Padmé, like Leia in the original trilogy, is the lone main female character in the prequels, and I do love her. Unlike Leia, Padmé is not ruled by anger, and yet she never shows the slightest ability to use the Force. And she is not at all like me, with her fearless leadership and ability to stand before crowds and speak with authority.

I have always had no issue identifying with characters who are not my gender. King Arthur, Jim Hawkins, Jean Val Jean, Atticus Finch, Sherlock Holmes, Par Ohmsford, Alec Ramsay, Tom Sawyer, Luke Skywalker, Clark Kent, Bilbo Baggins, and Harry Potter each helped define my growing up into who I am today. And yet, I have a special place in my heart for Hermione, who loves to learn; for Menolly, whose love of music defines her; for Anne Shirley, who lives and breathes poetry; for Lucy Pevensie, who believes despite what others say; for Alice, who tries to make sense of a senseless world; for Meg Murry, who will stop at nothing to save her little brother; for Wendy, who is a surrogate mother to a bunch of boys; for Belle, who sees beyond the outward appearance to the heart. These too, made me who I am.

I never wanted to be a princess and, really, I never wanted to be a warrior. I want to be the hero who uses their brain and heart. Not that there’s anything wrong with being a princess or a warrior, it’s just not my personal desire. However, I always wanted to be a Jedi.
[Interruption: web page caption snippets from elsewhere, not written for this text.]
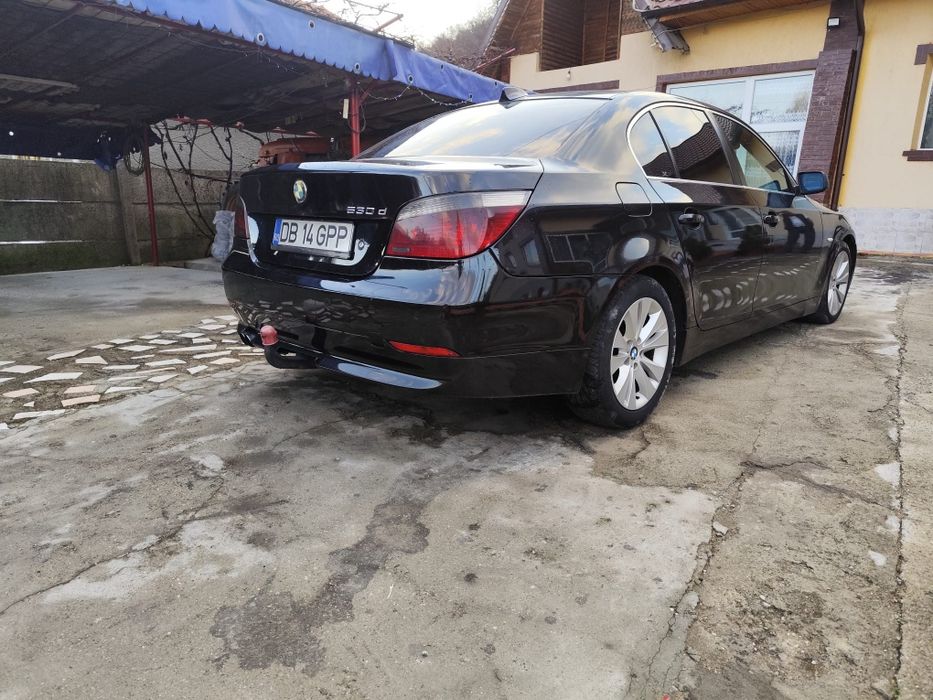 Vând / Schimb  BMW 530d st1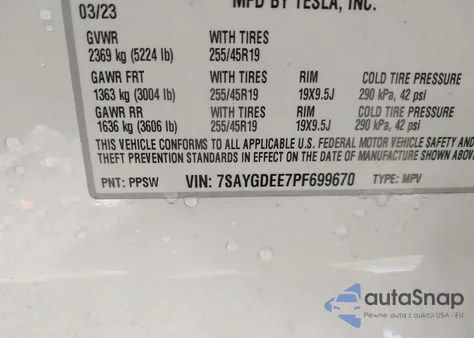 2023 Tesla Model Y Awd/Long Range Dual Motor All-Wheel Drive z USA, uszkodzony, nr VIN 7SAYGDEE7PF699670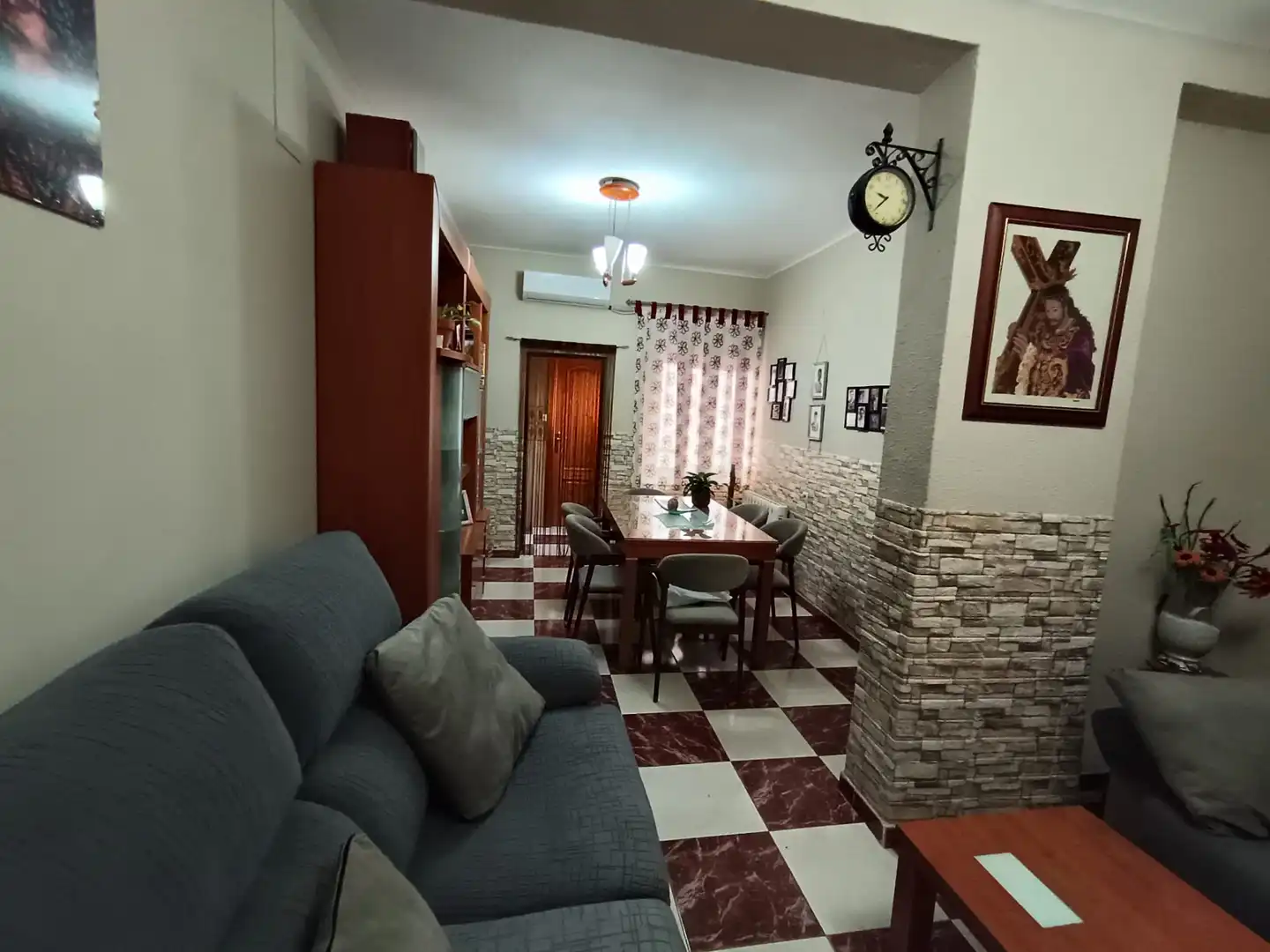 Wohnzimmer von Einfamilien-Reihenhaus zum Verkauf in Jaén mit Klimaanlage, Heizung und Terrasse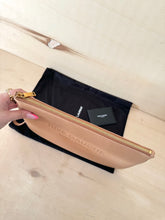 Carica l&#39;immagine nel visualizzatore di Gallery, Saint Laurent Clutch Rive Gauche
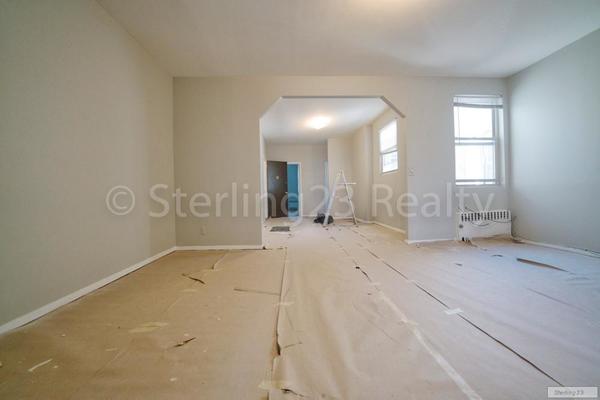 3 bedrooms apartment for rent in Astoria - Queens, New York
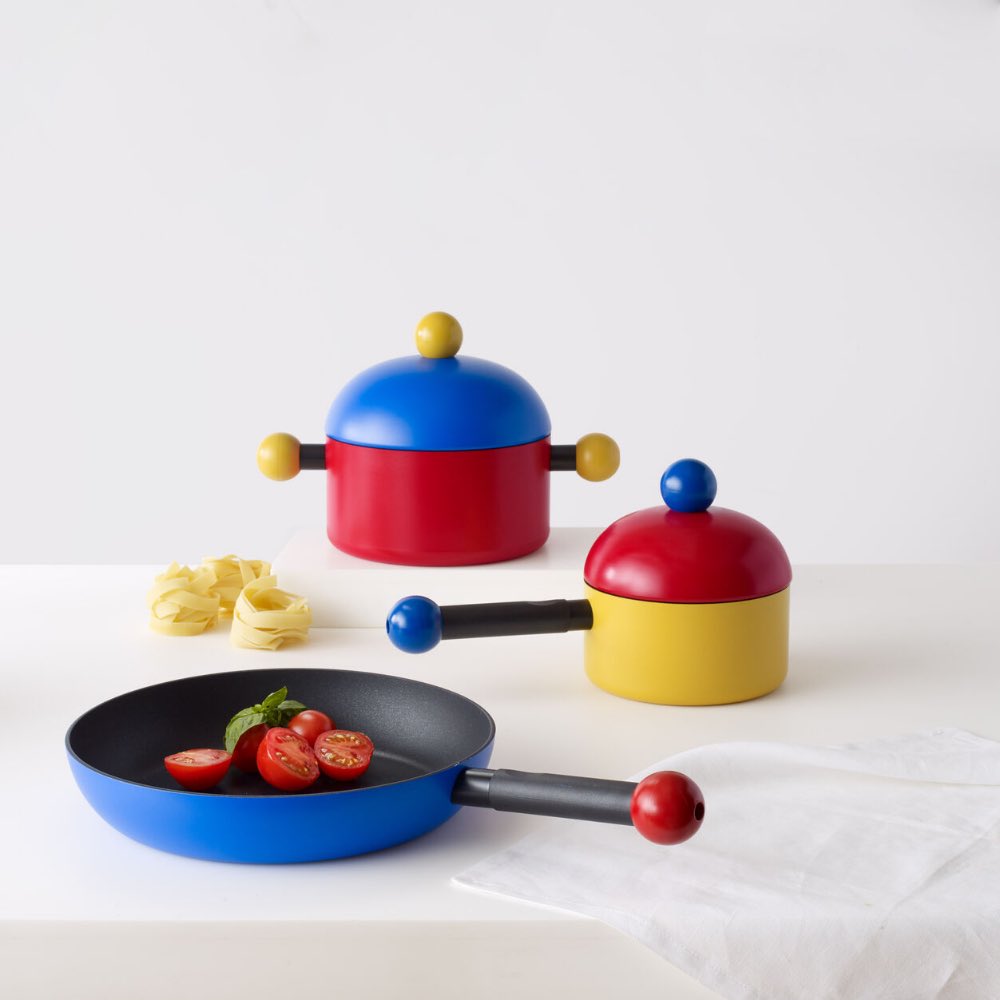 mysillycomics's tweet photo. furnishing my rollie pollie olie house https://t.co/W8e3kNySwN
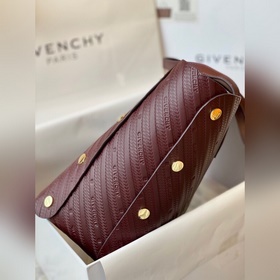Givenchy Сумка Сумка-тоут из телячьей кожи с тиснением Вся сумк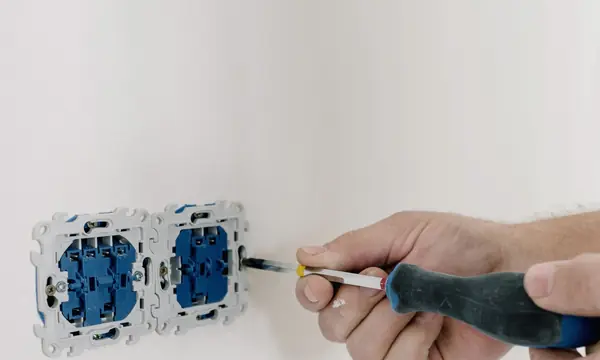 Cambiando un enchufe de la pared
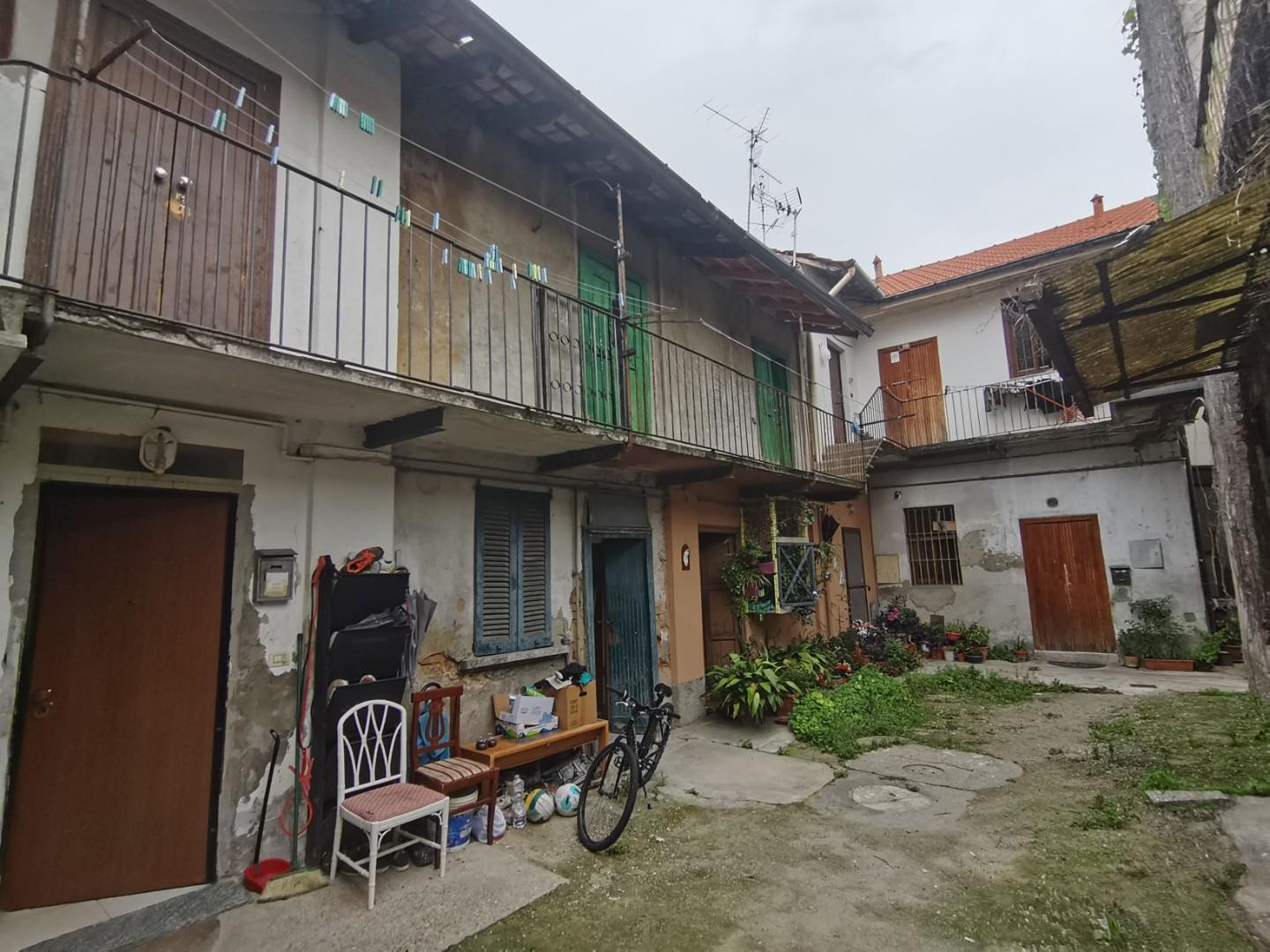 Trilocale da ristrutturare a Brugherio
In The Force Awakens, I identify most strongly with Finn, who balks at the order to kill, who runs away and then comes back to help a friend. And yet… and yet. Rey, who is comfortable alone, who is confident in her own abilities, who feels as protective of Finn as he is of her, is finally—finally!—a female main character in which I can see so much of myself. Little girls today have a hero in Star Wars who shows them that they too can be a hero, that they can be a Jedi. Finally, because of Rey, I truly can see the Jedi within me.